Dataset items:
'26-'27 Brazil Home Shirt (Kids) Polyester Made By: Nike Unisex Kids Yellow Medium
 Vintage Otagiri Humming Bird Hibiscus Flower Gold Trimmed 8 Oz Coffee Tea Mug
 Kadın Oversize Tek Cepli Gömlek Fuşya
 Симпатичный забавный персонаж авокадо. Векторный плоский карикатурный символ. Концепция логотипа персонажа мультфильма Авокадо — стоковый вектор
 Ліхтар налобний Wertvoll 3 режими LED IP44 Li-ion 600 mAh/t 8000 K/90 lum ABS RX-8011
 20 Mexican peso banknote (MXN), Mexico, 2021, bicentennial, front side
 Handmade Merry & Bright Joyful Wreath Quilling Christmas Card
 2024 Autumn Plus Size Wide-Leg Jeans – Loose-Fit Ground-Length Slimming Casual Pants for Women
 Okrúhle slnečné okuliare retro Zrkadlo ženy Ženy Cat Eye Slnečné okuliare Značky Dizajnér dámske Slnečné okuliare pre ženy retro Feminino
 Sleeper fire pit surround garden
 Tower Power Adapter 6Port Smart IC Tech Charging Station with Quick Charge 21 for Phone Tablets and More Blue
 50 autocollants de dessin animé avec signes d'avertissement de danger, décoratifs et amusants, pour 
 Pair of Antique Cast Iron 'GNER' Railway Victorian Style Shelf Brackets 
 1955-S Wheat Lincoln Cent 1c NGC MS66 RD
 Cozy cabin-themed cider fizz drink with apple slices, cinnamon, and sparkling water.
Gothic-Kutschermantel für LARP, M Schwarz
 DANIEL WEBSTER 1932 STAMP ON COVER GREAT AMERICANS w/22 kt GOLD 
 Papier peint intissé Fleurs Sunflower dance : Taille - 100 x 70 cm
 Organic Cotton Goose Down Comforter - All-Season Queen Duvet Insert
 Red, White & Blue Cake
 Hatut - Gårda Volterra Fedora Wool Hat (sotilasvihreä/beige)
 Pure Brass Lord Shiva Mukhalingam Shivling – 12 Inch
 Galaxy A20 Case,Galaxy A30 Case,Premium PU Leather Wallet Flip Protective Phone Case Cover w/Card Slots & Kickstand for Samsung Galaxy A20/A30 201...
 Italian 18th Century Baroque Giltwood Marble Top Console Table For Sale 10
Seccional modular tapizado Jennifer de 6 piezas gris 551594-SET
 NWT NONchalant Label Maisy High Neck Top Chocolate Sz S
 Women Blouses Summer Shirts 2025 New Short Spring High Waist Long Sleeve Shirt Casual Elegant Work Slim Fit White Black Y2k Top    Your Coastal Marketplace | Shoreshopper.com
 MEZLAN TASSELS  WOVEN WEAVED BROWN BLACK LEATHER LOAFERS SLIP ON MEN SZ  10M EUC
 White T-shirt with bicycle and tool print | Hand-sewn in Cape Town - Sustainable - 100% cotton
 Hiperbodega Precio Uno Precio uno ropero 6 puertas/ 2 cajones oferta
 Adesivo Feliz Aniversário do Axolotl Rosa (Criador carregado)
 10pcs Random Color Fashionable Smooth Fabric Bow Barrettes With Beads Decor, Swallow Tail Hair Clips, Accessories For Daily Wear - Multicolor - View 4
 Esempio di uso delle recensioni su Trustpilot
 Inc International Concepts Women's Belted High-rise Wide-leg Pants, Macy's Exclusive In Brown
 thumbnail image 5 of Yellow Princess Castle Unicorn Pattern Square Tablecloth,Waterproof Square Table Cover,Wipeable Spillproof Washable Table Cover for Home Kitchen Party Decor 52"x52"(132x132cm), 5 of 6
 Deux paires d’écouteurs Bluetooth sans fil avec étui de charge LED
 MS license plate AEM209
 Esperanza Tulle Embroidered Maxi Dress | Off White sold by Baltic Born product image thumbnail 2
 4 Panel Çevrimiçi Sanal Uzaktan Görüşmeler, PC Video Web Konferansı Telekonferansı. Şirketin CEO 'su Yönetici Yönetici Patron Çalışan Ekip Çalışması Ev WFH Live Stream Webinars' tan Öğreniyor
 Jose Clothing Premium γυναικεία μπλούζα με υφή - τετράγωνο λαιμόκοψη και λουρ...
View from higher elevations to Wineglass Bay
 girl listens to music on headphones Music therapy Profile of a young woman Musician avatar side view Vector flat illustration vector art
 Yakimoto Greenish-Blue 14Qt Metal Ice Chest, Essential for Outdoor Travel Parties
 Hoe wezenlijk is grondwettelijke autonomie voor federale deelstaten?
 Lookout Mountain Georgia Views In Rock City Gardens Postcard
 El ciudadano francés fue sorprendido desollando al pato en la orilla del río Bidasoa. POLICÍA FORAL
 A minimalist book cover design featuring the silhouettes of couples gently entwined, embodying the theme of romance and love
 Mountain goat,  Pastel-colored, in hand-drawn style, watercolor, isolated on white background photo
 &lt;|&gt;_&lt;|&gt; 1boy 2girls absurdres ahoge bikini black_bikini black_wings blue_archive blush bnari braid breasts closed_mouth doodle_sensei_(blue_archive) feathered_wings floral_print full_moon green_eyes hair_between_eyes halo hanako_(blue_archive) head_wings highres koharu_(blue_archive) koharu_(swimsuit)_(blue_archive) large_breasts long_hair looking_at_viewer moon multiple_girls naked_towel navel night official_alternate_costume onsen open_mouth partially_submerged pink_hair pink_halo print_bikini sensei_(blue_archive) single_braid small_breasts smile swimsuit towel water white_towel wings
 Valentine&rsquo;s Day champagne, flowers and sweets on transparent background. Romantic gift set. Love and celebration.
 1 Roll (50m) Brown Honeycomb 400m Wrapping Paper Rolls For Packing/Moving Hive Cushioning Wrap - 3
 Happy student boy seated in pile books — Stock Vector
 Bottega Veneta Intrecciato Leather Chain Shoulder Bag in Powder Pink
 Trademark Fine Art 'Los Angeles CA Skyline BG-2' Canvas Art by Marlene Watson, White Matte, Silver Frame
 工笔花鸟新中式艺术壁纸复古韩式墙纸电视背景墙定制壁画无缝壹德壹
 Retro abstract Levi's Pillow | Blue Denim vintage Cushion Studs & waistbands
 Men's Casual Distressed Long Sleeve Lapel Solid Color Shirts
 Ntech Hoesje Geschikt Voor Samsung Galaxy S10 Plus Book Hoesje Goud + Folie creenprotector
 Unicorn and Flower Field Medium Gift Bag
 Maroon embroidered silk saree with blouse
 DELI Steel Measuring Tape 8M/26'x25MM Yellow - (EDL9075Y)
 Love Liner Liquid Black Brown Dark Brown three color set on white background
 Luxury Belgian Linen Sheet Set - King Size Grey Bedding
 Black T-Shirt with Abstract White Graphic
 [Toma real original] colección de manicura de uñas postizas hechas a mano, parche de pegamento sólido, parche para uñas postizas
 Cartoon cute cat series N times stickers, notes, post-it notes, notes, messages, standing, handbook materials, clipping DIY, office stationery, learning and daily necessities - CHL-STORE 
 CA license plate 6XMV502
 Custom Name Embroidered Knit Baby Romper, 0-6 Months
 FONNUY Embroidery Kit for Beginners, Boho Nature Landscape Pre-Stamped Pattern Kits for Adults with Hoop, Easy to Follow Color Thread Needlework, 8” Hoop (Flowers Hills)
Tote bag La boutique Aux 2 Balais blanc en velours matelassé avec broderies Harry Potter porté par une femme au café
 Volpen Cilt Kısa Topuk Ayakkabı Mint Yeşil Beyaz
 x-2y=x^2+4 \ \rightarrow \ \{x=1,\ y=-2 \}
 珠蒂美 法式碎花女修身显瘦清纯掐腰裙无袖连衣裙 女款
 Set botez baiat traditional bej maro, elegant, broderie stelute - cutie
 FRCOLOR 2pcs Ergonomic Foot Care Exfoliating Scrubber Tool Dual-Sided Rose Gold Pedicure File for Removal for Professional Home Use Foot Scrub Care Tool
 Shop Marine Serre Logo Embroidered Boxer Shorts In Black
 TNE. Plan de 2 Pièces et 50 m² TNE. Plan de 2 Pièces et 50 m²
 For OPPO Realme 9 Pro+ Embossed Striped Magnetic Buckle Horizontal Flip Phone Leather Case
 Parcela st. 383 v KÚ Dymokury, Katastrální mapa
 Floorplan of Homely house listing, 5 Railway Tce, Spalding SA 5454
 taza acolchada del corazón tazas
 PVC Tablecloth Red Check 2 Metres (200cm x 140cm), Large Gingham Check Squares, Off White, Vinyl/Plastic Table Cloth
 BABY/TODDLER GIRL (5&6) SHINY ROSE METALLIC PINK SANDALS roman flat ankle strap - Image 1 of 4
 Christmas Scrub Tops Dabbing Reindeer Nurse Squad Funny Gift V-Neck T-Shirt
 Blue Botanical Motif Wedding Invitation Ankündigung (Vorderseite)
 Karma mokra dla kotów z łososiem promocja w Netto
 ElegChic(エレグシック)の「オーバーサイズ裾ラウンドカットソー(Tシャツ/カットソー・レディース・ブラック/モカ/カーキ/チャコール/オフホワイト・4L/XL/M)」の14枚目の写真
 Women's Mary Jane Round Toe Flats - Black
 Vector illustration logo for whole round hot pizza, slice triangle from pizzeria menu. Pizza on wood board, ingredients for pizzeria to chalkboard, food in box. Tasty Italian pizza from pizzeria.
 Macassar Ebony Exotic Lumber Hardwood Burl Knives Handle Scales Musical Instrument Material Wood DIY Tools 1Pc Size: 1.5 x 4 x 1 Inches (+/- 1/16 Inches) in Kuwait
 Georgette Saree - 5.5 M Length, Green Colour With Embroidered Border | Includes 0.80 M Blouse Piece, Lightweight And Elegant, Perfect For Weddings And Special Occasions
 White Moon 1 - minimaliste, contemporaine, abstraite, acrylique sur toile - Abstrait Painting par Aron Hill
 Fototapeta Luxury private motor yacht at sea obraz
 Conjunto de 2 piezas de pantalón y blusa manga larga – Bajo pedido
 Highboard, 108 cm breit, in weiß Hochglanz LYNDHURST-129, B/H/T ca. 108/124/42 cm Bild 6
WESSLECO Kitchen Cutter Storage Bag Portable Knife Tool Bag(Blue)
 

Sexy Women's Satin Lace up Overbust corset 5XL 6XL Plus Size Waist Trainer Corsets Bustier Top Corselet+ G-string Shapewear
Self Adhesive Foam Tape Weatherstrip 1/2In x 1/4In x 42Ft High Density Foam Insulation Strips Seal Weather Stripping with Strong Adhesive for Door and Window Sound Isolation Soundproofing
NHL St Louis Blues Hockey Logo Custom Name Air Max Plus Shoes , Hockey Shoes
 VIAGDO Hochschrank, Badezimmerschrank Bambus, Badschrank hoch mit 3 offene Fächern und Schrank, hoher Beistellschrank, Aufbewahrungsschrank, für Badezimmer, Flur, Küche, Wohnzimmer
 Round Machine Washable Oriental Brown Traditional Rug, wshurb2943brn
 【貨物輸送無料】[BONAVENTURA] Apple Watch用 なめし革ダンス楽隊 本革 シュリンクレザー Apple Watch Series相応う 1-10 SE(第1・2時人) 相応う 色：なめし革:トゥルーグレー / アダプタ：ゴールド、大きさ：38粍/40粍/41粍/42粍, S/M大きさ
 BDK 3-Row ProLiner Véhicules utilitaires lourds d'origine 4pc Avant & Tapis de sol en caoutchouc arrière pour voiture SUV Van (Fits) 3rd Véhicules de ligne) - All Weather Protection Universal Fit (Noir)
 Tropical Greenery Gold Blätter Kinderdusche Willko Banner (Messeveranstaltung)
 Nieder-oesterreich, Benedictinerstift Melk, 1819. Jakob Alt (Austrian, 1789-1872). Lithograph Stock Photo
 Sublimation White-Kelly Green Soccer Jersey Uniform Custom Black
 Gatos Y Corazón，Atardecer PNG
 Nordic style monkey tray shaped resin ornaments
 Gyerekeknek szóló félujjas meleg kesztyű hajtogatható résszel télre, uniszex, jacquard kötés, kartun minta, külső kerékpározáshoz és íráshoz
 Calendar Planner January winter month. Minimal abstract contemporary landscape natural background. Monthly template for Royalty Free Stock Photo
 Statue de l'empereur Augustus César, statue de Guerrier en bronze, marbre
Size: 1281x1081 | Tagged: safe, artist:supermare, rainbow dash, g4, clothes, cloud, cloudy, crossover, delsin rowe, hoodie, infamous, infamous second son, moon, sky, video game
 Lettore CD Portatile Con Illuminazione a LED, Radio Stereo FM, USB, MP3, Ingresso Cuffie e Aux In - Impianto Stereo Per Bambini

DESCRIPTION OF THE TASK: Your output should consist solely of the lines from the beginning of the entries through the line containing "Red, White & Blue Cake", reproduced exactly.

COMPLETED EXERCISE:
'26-'27 Brazil Home Shirt (Kids) Polyester Made By: Nike Unisex Kids Yellow Medium
 Vintage Otagiri Humming Bird Hibiscus Flower Gold Trimmed 8 Oz Coffee Tea Mug
 Kadın Oversize Tek Cepli Gömlek Fuşya
 Симпатичный забавный персонаж авокадо. Векторный плоский карикатурный символ. Концепция логотипа персонажа мультфильма Авокадо — стоковый вектор
 Ліхтар налобний Wertvoll 3 режими LED IP44 Li-ion 600 mAh/t 8000 K/90 lum ABS RX-8011
 20 Mexican peso banknote (MXN), Mexico, 2021, bicentennial, front side
 Handmade Merry & Bright Joyful Wreath Quilling Christmas Card
 2024 Autumn Plus Size Wide-Leg Jeans – Loose-Fit Ground-Length Slimming Casual Pants for Women
 Okrúhle slnečné okuliare retro Zrkadlo ženy Ženy Cat Eye Slnečné okuliare Značky Dizajnér dámske Slnečné okuliare pre ženy retro Feminino
 Sleeper fire pit surround garden
 Tower Power Adapter 6Port Smart IC Tech Charging Station with Quick Charge 21 for Phone Tablets and More Blue
 50 autocollants de dessin animé avec signes d'avertissement de danger, décoratifs et amusants, pour 
 Pair of Antique Cast Iron 'GNER' Railway Victorian Style Shelf Brackets 
 1955-S Wheat Lincoln Cent 1c NGC MS66 RD
 Cozy cabin-themed cider fizz drink with apple slices, cinnamon, and sparkling water.
Gothic-Kutschermantel für LARP, M Schwarz
 DANIEL WEBSTER 1932 STAMP ON COVER GREAT AMERICANS w/22 kt GOLD 
 Papier peint intissé Fleurs Sunflower dance : Taille - 100 x 70 cm
 Organic Cotton Goose Down Comforter - All-Season Queen Duvet Insert
 Red, White & Blue Cake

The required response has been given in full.